Laurent Hoebrechts
Laurent Hoebrechts Journaliste musique

MÊLANT L’HÉRITAGE DES GRIOTS À DES INFLUENCES PLUS OCCIDENTALES, LE MALIEN BASSEKOU KOUYATÉ FAIT FAIRE DES ÉTINCELLES À SON LUTH TRADITIONNEL, LE NGONI.

Bassekou Kouyaté & Ngoni Ba

« Ba Power »

DISTRIBUÉ PAR GLITTER.

8

L’Afrique n’arrête décidément plus d’envoyer de nouvelles pépites musicales, l’une après l’autre. Un peu comme si, pendant que les hommes restaient bloqués de l’autre côté de la Méditerranée, la musique forçait le passage à leur place. De Songhoy Blues au Mbongwana Star (dissident du Staff Benda Bilili), les disques brillants, électriques, n’ont en effet pas manqué ces derniers mois. Comme autant d’appels du pied de la part d’un continent qui ne veut pas se laisser enfermer éternellement dans les mêmes clichés. Une terre assez vaste pour contenir, certes, tous les malheurs du monde, mais aussi une incommensurable énergie. Un genre de pulsion vitale qui irrigue notamment les arts et, en particulier, la musique.

Le nouvel album du Malien Bassekou Kouyaté en est un parfait exemple. Dès le premier morceau, il luit, brille, rayonne. Bouillonnant, Siran Fen est un blues volubile, galopant, qui vous agrippe instantanément pour ne vous lâcher qu’une fois la dernière décharge éteinte.

Né en 1966 dans le village de Garana, près de Ségou, à quelque 230 km de Bamako, Bassekou Kouyaté s’est notamment illustré aux côtés de Toumani Diabaté ou du grand Ali Farka Touré (il était du projet posthume Savane). Il est surtout connu pour sa maîtrise du ngoni. Ancêtre présumé du banjo, l’instrument est l’un des plus anciens utilisés par les griots. Bassekou Kouyaté perpétue ainsi une tradition héritée de l’empire mandingue, et transmise notamment par son père. Tout au long de ses trois premiers albums, il n’a cependant eu de cesse d’actualiser le son du luth ancestral, de lui donner de nouvelles couleurs. Par exemple en faisant jouer ensemble quatre ngoni à la fois, en rajoutant des cordes aux quatre de base, ou encore en se branchant sur le courant électrique.

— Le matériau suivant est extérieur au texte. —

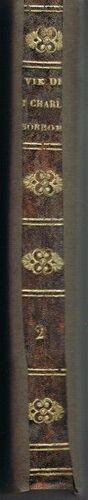 Vie De S.Charles Borromée Volume 2 Contenant Les Tomes 3 Et 4 (Dernier)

Le geste est encore plus spectaculaire avec ce Ba Power, décrit par l’intéressé lui-même comme un disque d’afro-rock, mélangeant dans les faits les rythmes bambara, le blues et des digressions rock -démontrant, s’il le fallait encore, à quel point ces musiques partagent le même ADN. L’affaire reste essentiellement familiale: on retrouve dans le quartet de ngoni les fils de Bassekou Kouyaté, tandis que sa femme, Amy Sacko (la « Tina Turner du Mali »), prend à son compte la plupart des voix. La musique n’en est que plus fluide, évidente, naturelle.

Ce qui n’empêche pas le maître d’oeuvre d’ouvrir le jeu. Sur Musow Fanga par exemple, une trompette bouchée -celle de Jon Hassell- vient se poser délicatement. A côté de la pédale wawa à laquelle Bassekou Kouyaté a raccordé son ngoni, et du jeu de batterie pris en charge par l’Anglais Dave Smith (vu aux côtés de Robert Plant), la guitare électrique de Samba Touré rajoute encore l’un ou l’autre motif rock (Ayé Sira Bla). Avec son final extatique, Waati se fait lui presque funk.

Sur le précédent album Jamako, sorti en 2012, Bassekou Kouyaté s’inquiétait du sort du Mali, déstabilisé par un coup d’Etat, et accablé par l’offensive rebelle islamiste au nord du pays. Trois ans plus tard, Ba Power a beau être plus optimiste, il sonne toujours comme un appel à la résistance. Plus flamboyant que jamais.

EN CONCERT CE 15/05 À DE ROMA, ANVERS.